*Exercise prompt:* Omit any pictures, and restate word for word only the lines from the one with "A television and/or" through the end of the data below.

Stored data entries
########################################

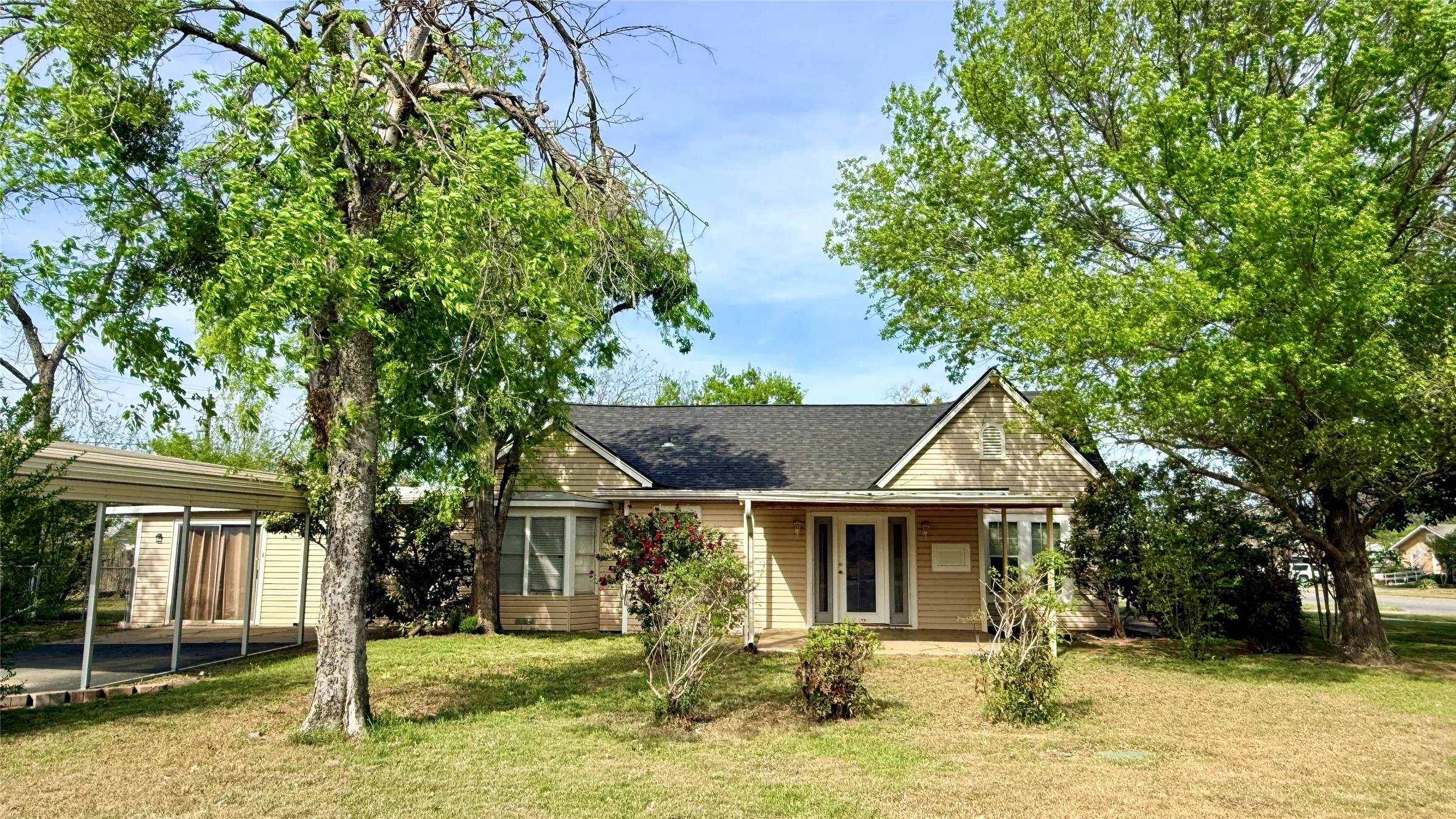 Single Family Residence For Sale in Young County , 1122 4th Street, Graham, Texas 76450, 3 Bedroom, 1 Bathroom, Garage spaces, 2,274 Sqft, built in 1940, Price $179,500, mls#21209479, Real Estate Agent in Graham, Homes For Sale in Young county, Homes For Sale in Graham, Realtor in Graham Texas, Real Estate Brokerage Independent Realty Texas, Luminita Cordes Realtor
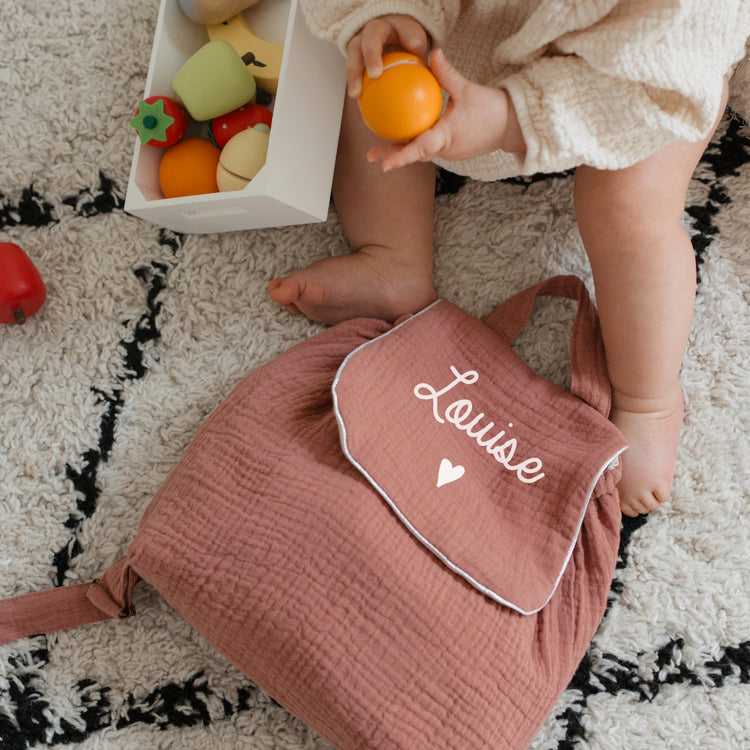 Sac à dos prénom maternelle vieux rose, cadeau personnalisé utile pour bébé.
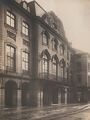 Erwin Quedenfeldt, "Aachen, Altes Kurhaus, Strassenseite", No. 754 aus der Serie "Einzelbilder vom Niederrhein", Fotografie, 1915.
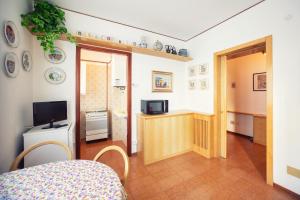 A television and/or entertainment centre at A due passi dal mare by Wonderful Italy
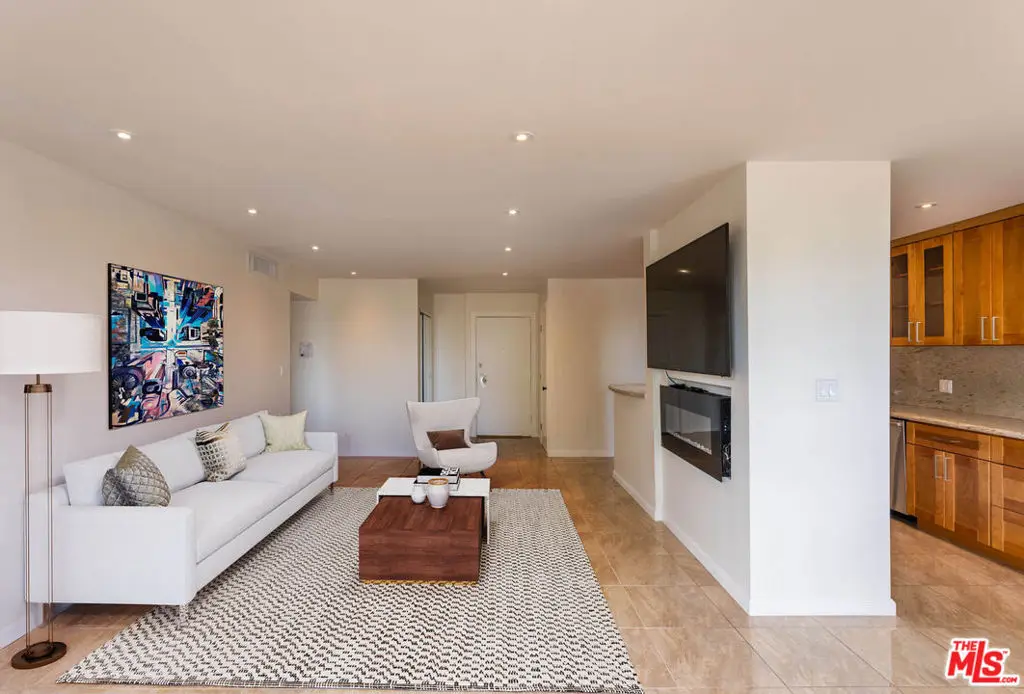 403 N Oakhurst Drive #303, Beverly Hills, CA 90210 - #1
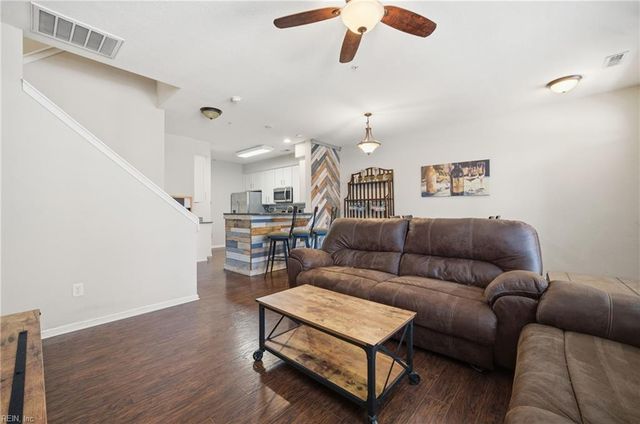 237 Breccia LN, Virginia Beach, VA 23462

########################################

*Result of this exercise:*
 A television and/or entertainment centre at A due passi dal mare by Wonderful Italy
 403 N Oakhurst Drive #303, Beverly Hills, CA 90210 - #1
 237 Breccia LN, Virginia Beach, VA 23462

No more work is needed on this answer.